▶ Exercise
Reproduce exactly, from the data that follows, the line with "Capacete Ciclismo Absolute Original", the line with "Andoro Trio Chapter", and every line that lies between them.

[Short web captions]
((

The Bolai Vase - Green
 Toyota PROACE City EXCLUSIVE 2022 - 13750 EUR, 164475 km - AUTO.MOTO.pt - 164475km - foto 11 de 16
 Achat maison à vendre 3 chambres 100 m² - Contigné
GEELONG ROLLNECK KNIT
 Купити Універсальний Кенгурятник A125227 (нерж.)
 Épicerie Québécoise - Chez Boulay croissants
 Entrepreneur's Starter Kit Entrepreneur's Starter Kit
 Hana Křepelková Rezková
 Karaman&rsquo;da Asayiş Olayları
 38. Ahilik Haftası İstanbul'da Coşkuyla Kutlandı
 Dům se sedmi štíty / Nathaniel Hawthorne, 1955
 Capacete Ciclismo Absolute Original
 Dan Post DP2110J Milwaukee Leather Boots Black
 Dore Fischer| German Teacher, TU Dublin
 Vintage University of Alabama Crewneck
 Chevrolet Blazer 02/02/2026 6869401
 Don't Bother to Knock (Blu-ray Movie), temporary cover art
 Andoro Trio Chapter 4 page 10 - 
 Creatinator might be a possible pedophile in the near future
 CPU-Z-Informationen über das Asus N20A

))

▶ Reply to the exercise
 Capacete Ciclismo Absolute Original
 Dan Post DP2110J Milwaukee Leather Boots Black
 Dore Fischer| German Teacher, TU Dublin
 Vintage University of Alabama Crewneck
 Chevrolet Blazer 02/02/2026 6869401
 Don't Bother to Knock (Blu-ray Movie), temporary cover art
 Andoro Trio Chapter 4 page 10 - 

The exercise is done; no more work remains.